Doctoral Dissertations

Date of Award

5-2022

Degree Type

Dissertation

Degree Name

Doctor of Philosophy

Major

History

Major Professor

Daniel Feller

Committee Members

Luke Harlow, Michael Woods, Amy S. Greenberg

Abstract

This dissertation focuses on the life of Jessie Benton Frémont (1824-1902) and the ways in which she performed the role of a “public wife” through her marriage to John C. Frémont. This re-examination of a woman immensely popular in the nineteenth century offers a new way of thinking about the wives of famous men and the steps they took to both participate in, and direct the narrative of, American history.

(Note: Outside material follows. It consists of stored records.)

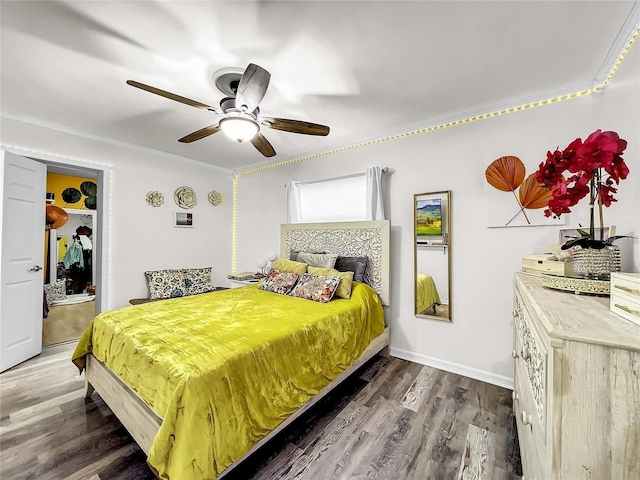 bedroom featuring crown molding, ceiling fan, and dark hardwood / wood-style flooring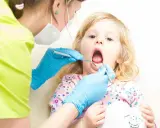 Mała dziewczynka z otwartymi ustami podczas pierwszej wizyty u dentysty. Dentystka w niebieskich rękawiczkach bada jej ząbki.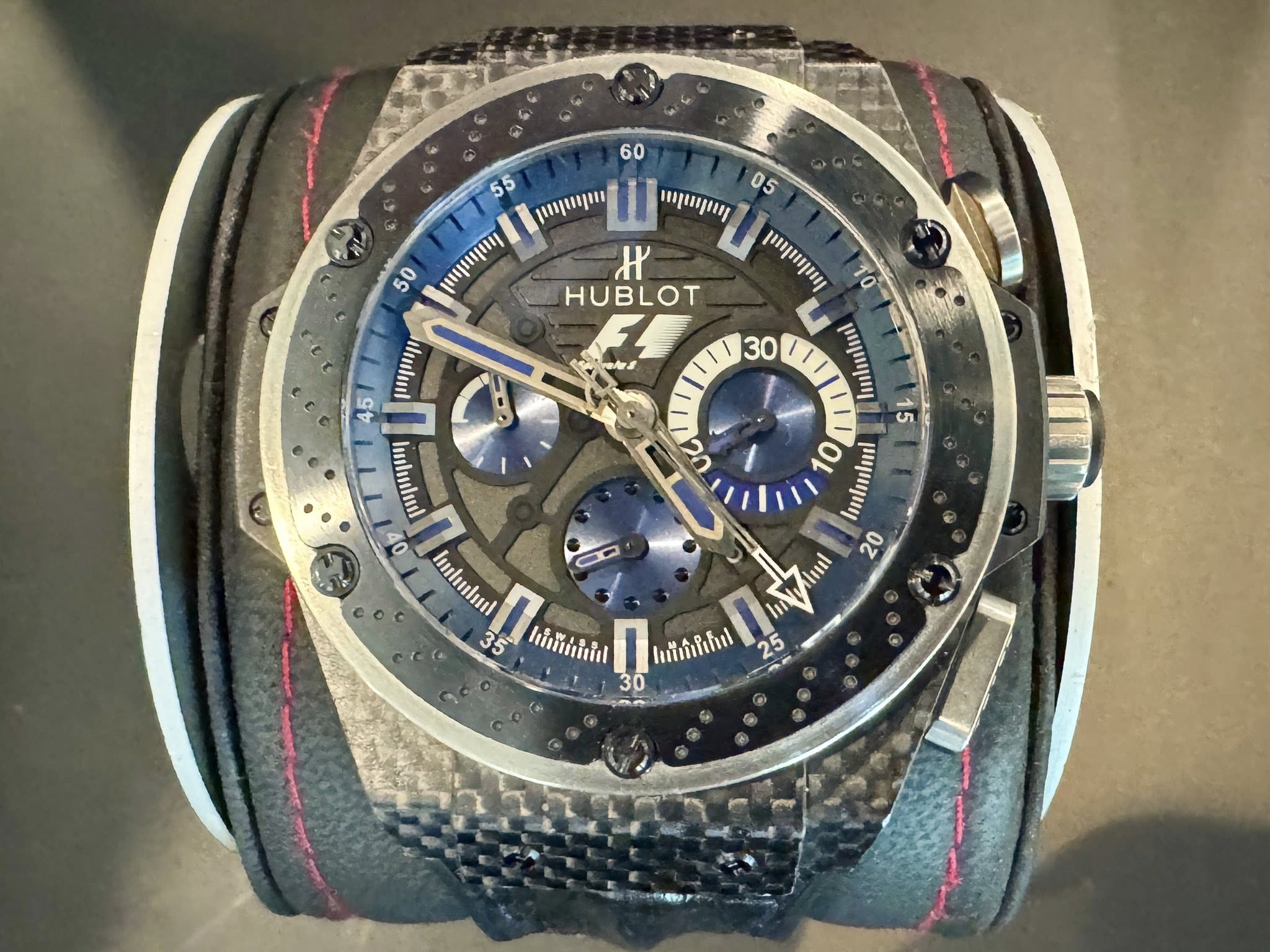 May be an image of wrist watch and text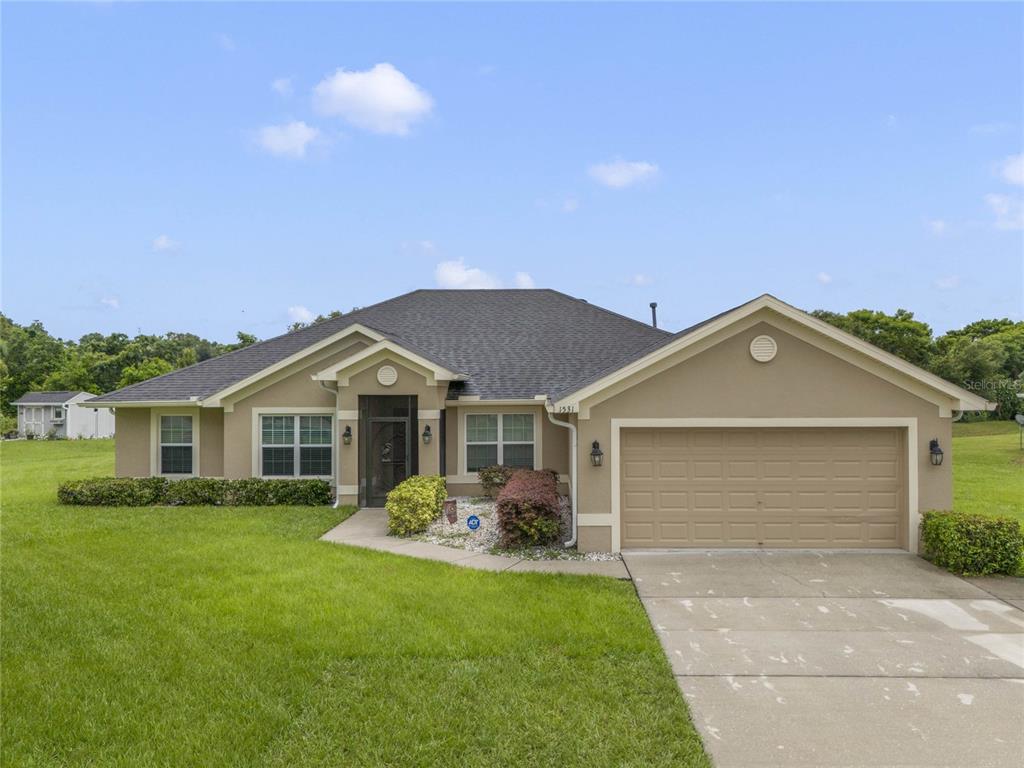 a front view of a house with a yard and garage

Jessie Benton was the daughter of Missouri senator Thomas Hart Benton. At sixteen, Jessie met a young man from the Army Corps of Topographical Engineers who came to meet with her father regarding explorations in the trans-Mississippi west. Jessie, at age seventeen, eloped with the man, John C. Frémont (1813-1890), who would come to play a significant role in the western expansion endorsed by her father.

John Frémont’s expeditions across the west in the 1840s and his role in the “conquest of California” in 1846 earned him national recognition. Jessie popularized John’s accomplishments through her work on his expedition reports, securing the fame which led him to the office of U.S. senator and a presidential nomination in 1856. As she created John’s fame, Jessie used the opportunity to create a reputation of her own, that of the spirited mate to a dashing man, and thus became an integral component in her husband’s public career. Without Jessie’s lionizing of her husband and her efforts to shape a positive public image of both Frémonts, John C. Frémont would not, could not, have been as widely recognized and admired as he was during the nineteenth century.

As an essential component of her role as a “public wife,” it was Jessie, not John, who shaped his experiences into the heroic narrative that lingers today. Jessie’s idealization of her wifely duties let her develop her own narrative of the Frémonts’ history so that her version of the tale secured John’s reputation and the couple’s social standing while overwhelming any voices raised in opposition. Well into the twentieth century, Jessie’s account of her husband and his exploits continued the heroic narrative into textbooks and memorials.